Americans were targeted on social media by Russian agents on a mission to harvest personal information, The Wall Street Journal reported Wednesday.
The agents pretended to work for organizations promoting African-American businesses as a ruse to obtain personal information from black business owners during the 2016 presidential election campaign, according to the report.
Using names like “BlackMattersUS” and “Black4Black,” the agents set up hundreds of accounts on Facebook and Instagram, the WSJ said.
As part of its efforts to address the abuse of its platform during the election, Facebook introduced a tool that would enable its members to determine if they had contact with Russian propaganda during that period. The tool doesn’t address the problem of Kremlin agents masquerading as Americans, however.
Facebook did not respond to our request to comment for this story.
Defeating America Without Bullets
The Journal story came on the heels of President Donald Trump’s Tuesday announcement that his administration was doing a “very, very deep” study of election meddling and would make “very strong” recommendations about the 2018 elections.
However, Adm. Michael Rogers, chief of the U.S. Cyber Command and head of the National Security Agency, last week told the Senate Armed Services Committee that the White House had not directed him to take any actions to counter potential Russian meddling in the 2018 elections.
“The impact of social media is very real,” said Ajay K. Gupta, program chair for computer networks and cybersecurity at the University of Maryland.
“The lack of real attribution for social media content means that elections are being impacted by people who we don’t know who they are,” he told TechNewsWorld.
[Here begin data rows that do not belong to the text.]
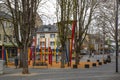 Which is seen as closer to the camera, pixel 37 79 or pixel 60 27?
pixel 37 79

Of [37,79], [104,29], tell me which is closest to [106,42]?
[104,29]

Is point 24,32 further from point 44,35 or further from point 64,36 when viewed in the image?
point 44,35

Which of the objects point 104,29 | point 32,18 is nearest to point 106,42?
point 104,29

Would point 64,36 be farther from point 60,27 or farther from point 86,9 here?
point 86,9

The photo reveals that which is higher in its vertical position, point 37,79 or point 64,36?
point 64,36

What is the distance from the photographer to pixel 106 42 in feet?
295

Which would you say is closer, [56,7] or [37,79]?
[37,79]

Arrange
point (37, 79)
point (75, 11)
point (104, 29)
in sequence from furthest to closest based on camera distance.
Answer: point (104, 29) < point (75, 11) < point (37, 79)

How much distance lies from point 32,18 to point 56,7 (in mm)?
10528

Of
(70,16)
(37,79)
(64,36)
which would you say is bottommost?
(37,79)

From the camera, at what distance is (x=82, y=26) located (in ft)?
143

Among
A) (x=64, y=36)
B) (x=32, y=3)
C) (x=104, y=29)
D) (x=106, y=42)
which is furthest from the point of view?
(x=106, y=42)

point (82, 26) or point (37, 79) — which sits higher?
point (82, 26)

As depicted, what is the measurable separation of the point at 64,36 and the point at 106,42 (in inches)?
2120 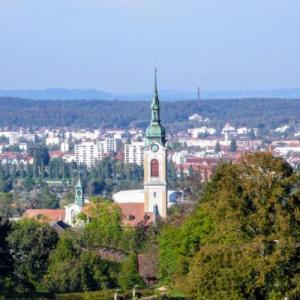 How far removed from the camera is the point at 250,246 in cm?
2416

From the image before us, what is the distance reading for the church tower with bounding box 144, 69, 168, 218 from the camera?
64500 mm

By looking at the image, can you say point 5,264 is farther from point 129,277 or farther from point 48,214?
point 48,214

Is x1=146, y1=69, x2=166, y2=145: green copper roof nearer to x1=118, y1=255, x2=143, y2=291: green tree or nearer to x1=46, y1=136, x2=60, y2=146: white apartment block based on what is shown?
x1=118, y1=255, x2=143, y2=291: green tree

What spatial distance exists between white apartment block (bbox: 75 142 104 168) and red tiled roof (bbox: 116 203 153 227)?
88.9 metres

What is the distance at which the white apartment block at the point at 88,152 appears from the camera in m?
158

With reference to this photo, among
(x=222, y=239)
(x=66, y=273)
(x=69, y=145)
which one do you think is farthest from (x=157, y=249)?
(x=69, y=145)

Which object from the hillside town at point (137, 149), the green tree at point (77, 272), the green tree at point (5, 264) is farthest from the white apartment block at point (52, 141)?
the green tree at point (5, 264)

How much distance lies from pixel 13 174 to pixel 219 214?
100666 mm

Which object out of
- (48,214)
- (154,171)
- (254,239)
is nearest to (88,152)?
(48,214)

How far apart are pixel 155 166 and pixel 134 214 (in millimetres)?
2415

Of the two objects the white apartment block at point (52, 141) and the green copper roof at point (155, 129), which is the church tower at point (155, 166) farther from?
the white apartment block at point (52, 141)

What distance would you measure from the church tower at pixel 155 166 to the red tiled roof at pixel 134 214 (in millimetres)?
465

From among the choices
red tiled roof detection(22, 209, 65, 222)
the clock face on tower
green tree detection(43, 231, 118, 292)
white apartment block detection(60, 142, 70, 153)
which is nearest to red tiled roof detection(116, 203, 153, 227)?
the clock face on tower

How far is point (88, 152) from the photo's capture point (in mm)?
162250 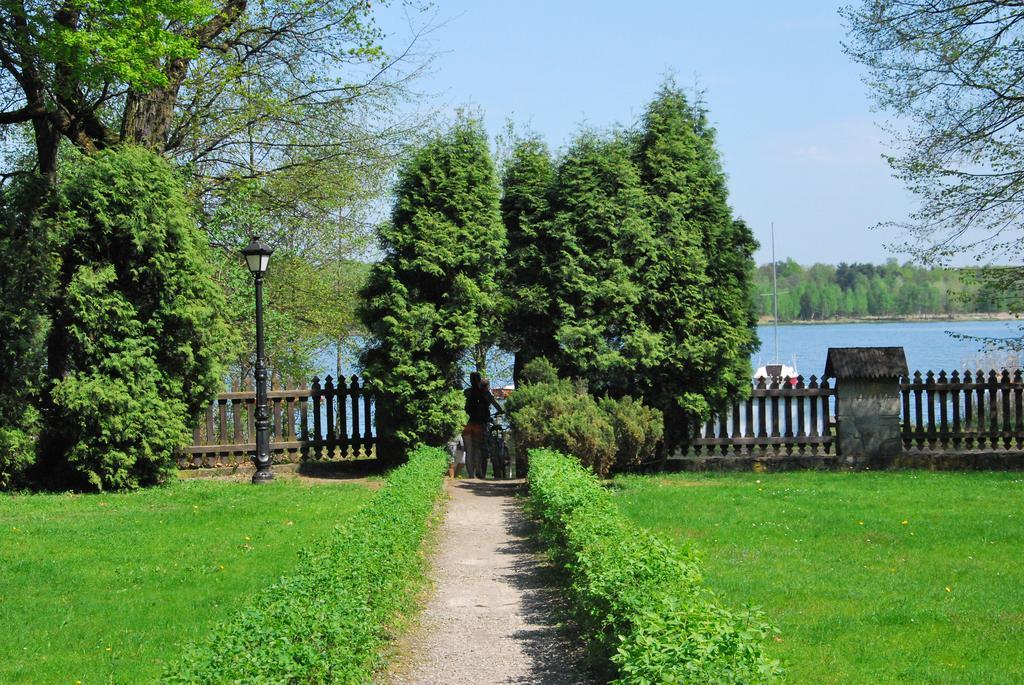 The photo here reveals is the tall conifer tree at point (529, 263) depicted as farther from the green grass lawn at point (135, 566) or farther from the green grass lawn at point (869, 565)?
the green grass lawn at point (135, 566)

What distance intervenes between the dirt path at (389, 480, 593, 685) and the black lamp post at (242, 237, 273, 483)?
492 centimetres

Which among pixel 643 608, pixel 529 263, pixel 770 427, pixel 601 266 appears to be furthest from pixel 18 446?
pixel 770 427

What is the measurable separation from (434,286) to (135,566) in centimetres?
854

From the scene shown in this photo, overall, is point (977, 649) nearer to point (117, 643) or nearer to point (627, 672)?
point (627, 672)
“Russians have said since the beginning of the Cold War they would be able to defeat America without firing a single bullet,” Gupta added. “They couldn’t do that as the U.S.S.R., but social media has given them another opportunity to try that.”
Target of Opportunity
The latest revelation about Russian activity on social media during the elections lends credence to the idea that the Kremlin’s goal is not to swing elections one way or another, but to weaken America’s form of government.
One in four voters were considering staying away from the polls due to cybersecurity fears, according to a survey Carbon Black conducted last year, for example. If accurate, that could put the number who would not vote for that reason in the neighborhood of 55 million.
“This blended campaign of human intelligence and signals intelligence is dangerous for democracy,” said Tom Kellermann, chief cybersecurity officer at Carbon Black.
Russia is into the long game, noted Tellagraff CEO Mark Graff.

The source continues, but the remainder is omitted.